Wednesday, February 18, 2009

Marlin's Ag Update


(This is a portion of a letter from Marlin Rice, the Cornerstoner God has raised up to develop the agriculture side of the Hope Center. Marlin is in Serenje for two weeks checking on and expanding the ag project.)

I was up at 4:30 this morning. Every morning about this time there is a group of military-style joggers that run down the road calling out a cadence. Then on the return trip into town someone with a whistle blows loudly for every fourth count. It's really quite obnoxious, especially before 5:00 in the morning.

Work starts at the Hope Children's Center at 7:00 every morning. We ride a truck to the site and there are 45-50 workers waiting for their orders for the day. Zack has some laying concrete blocks, mixing cement, digging trenches for the septic system, leveling trusses, hoeing weeds, moving soil, etc. Sunday and I spent the morning with a tape measuring off fields to plant seedling musangu trees. These are the trees that don't leaf out until the dry season, so they don't compete with the maize and beans for sunlight and moisture, then during the beginning of the rainy season, they shed their leaves, producing a shower of nitrogen-rich leaves for the surrounding crops.

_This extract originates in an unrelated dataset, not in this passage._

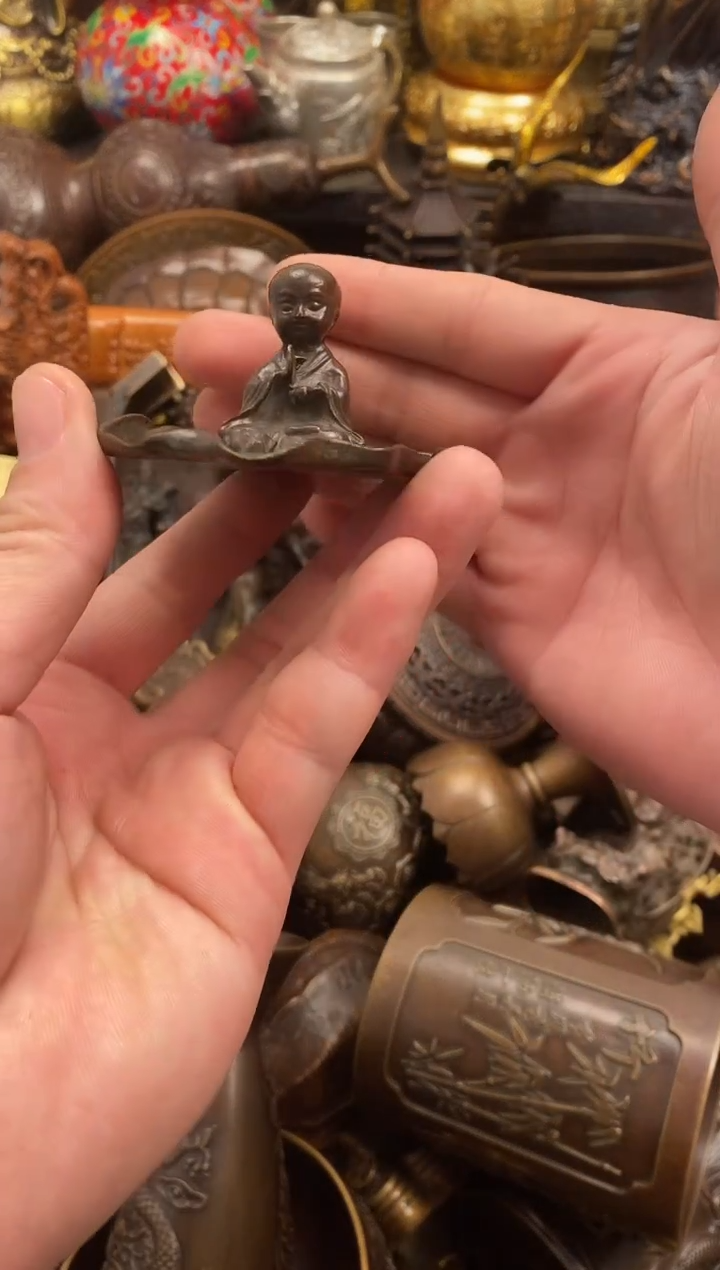 案台摆件 物品摆件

We also identified some more of the ground that we are having hoed where Sunday will plant vegetables.

Right before lunch today, Joshua, one of the farm laborers killed a gopher while he was hoeing the peanut field. He brought it to show to me, then gave it to his wife. They have a little brick shack on the farm where they live with their four children. His wife took the gopher, laid it on the open wood fire, singed the hair and scrapped it off with a knife, then continued to cook it on the fire. Then she gutted it, put the intestines in a bowl (notice she did not throw them away), split the ribcage with a knife, and then boiled it. If you haven't figured by now, they were going to eat it. She had also made some enshima (boiled white corn meal). She asked if I wanted to eat with them. I said I could eat the enshima, but I wasn't too sure about the gopher—we don't eat gopher in America. Fortunately, it was high noon and I had to run and catch Zack's truck back to the office. No gopher for lunch today!